OCR (Optical Character Recognition)

Optical Character Recognition accuracy and speed has increased dramatically in recent years and presents a viable and cost effective means of automatically indexing documents. Service Point offer various solutions depending on the customers requirement and the accuracy of recognition required.

OCR can be used for various different purposes, for instance it maybe that a client is performing a large backfile conversion project of engineering documents and wishes to index their drawings according to a description, drawing number and issue. In this instance a method known as zone OCR would most likely be utilised. As the name suggests the OCR system would be configured to look at various zones on the document and the information would then be extracted, recognised, verified and used to populate a database.

It is imperative in this instance for such an operation that the accuracy of recognition is greater than 80% as the time to manual correct any incorrect fields would require a great deal of time. Also for zone OCR operations of this type we would never recommend attempting to OCR less than 2 data fields, the reason being is that it is far easier to verify mistakes when using 2 fields, as a mistake in 1 field easily falls through the net. If this data can also be verified against an existing database to ensure data integrity the OCR process is greatly enhanced as the accuracy can be automatically verified.

Another example where OCR accuracy need not be so accurate would be the conversion of large swathes of text (i.e. historical books or manuscripts). In this example Service Point might employ a method of scanning and OCR'ing the complete text without paying a great deal of attention to the accuracy of the data, to do so would be cost prohibitive for a very large project.

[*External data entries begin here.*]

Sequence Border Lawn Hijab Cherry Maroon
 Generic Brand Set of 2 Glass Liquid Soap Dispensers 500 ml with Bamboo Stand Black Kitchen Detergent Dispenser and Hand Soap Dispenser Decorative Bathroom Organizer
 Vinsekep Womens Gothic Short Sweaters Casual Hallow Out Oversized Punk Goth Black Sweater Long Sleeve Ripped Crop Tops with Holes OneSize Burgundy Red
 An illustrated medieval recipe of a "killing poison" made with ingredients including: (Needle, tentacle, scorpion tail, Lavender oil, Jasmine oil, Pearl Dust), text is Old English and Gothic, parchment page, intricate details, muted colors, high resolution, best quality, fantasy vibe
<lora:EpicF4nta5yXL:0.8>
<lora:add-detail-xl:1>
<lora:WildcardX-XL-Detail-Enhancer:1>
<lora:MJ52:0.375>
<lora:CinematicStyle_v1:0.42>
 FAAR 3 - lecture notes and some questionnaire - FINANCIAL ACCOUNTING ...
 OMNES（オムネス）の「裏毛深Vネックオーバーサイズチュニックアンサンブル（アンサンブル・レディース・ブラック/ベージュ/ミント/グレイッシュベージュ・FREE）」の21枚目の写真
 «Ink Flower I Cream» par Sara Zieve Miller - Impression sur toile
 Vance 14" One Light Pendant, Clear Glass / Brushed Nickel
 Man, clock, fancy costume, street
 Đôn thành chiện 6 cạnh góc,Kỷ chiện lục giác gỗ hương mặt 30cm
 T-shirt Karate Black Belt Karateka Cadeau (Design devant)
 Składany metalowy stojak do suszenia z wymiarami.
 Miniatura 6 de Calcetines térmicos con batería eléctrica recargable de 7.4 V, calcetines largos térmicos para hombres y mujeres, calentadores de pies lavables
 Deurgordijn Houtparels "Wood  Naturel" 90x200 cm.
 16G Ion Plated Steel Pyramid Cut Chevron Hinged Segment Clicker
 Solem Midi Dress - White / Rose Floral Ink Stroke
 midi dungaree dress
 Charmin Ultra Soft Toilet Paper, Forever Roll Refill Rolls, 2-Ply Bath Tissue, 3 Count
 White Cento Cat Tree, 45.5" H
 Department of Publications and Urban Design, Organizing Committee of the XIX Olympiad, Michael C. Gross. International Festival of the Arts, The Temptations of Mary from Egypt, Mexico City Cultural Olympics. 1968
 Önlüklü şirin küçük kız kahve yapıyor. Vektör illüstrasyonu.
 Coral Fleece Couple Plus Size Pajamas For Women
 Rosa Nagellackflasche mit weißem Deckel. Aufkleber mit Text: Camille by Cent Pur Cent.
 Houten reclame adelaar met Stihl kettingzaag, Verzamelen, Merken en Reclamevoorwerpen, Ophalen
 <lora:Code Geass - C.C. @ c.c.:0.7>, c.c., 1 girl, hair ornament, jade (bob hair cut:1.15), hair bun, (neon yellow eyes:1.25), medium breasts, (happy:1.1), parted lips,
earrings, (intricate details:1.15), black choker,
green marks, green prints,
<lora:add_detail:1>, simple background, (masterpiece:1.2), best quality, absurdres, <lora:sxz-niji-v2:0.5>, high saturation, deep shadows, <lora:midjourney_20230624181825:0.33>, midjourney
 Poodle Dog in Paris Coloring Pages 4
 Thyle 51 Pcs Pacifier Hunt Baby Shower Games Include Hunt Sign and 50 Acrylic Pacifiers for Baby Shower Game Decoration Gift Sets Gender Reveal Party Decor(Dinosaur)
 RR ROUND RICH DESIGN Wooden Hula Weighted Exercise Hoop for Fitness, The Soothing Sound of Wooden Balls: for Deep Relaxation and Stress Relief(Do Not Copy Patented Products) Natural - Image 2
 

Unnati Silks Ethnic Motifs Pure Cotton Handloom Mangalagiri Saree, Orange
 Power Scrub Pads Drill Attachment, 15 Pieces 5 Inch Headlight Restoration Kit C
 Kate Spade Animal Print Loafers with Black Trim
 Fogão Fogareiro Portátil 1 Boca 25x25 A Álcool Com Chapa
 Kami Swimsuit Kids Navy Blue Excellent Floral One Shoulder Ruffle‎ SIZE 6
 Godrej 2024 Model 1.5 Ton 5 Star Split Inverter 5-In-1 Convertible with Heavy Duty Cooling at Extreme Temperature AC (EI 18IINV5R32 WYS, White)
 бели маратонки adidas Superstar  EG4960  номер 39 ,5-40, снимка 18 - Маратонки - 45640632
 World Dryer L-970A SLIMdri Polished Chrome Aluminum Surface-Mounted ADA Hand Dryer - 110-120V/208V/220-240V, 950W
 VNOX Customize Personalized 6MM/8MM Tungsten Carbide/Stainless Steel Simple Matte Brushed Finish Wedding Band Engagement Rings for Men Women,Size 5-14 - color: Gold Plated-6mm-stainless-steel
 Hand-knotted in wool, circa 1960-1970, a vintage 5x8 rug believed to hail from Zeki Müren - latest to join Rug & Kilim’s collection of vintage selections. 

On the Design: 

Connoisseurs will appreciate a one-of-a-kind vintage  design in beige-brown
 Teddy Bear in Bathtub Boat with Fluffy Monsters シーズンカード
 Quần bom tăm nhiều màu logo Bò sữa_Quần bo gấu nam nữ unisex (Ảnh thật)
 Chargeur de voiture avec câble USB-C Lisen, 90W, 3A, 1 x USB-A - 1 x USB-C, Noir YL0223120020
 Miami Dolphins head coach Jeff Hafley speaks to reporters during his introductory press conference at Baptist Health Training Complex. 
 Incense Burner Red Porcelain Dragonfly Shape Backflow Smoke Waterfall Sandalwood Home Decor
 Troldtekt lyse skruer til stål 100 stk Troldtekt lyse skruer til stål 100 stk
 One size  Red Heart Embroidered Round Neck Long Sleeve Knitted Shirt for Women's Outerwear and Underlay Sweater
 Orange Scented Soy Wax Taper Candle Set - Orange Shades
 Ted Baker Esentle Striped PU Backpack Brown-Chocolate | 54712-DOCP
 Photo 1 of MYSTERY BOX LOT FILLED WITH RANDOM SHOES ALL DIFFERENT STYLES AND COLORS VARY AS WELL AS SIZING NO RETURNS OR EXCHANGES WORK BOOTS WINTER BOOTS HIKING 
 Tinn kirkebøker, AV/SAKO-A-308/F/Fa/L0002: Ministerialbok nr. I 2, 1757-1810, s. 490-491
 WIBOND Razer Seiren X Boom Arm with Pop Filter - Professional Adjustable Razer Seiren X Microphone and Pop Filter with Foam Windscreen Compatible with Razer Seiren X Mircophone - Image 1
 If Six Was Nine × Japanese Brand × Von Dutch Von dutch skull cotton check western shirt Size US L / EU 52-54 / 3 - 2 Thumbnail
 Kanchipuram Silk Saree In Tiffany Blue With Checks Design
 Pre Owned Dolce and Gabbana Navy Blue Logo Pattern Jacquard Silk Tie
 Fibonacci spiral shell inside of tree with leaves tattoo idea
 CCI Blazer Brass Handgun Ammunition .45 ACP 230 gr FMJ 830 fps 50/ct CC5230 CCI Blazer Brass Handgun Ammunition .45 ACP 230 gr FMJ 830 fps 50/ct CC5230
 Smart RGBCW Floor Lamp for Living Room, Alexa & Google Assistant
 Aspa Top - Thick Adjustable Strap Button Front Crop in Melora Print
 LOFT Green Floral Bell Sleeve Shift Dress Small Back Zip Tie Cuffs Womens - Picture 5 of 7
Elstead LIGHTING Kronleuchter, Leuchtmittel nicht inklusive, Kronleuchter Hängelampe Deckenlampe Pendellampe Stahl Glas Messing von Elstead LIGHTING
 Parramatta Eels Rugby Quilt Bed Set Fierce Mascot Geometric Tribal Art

We would then produce the documents as "PDF on text". This method ensures that the original look and integrity of the data is kept whilst enabling the document to be searched due to the underlying text within the PDF file. The 80% accuracy rule does not apply in this case as the term being searched is;

  1. likely to appear more than once in a particular page and
  2. much of the text on the page is never likely to be searched for in isolation i.e. "and", "to","for","the" and "then" etc.